YOUR TASK: Determine the number of lines in the data that include the word "House", and write only that number.

=== EXERCISE INPUT ===










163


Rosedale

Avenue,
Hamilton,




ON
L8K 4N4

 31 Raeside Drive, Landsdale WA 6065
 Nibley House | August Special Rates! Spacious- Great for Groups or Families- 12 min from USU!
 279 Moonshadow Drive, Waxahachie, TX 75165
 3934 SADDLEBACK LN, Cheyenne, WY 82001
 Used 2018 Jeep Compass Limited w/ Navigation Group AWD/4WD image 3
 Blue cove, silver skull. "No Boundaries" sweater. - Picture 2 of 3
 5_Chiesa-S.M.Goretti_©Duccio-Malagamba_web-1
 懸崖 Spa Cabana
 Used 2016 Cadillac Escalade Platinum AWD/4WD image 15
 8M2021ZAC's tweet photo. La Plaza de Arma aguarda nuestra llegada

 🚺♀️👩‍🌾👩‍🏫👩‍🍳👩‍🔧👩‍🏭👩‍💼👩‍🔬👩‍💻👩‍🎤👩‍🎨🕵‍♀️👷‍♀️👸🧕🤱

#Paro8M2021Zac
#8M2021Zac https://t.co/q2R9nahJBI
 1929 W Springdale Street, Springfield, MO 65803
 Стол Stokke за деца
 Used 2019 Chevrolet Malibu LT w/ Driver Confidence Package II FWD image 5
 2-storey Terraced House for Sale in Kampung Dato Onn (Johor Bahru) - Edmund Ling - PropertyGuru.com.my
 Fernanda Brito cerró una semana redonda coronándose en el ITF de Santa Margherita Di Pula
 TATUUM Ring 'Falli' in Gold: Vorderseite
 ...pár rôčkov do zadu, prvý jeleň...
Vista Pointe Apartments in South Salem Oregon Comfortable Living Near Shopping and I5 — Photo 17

===

ANSWER SPACE: 2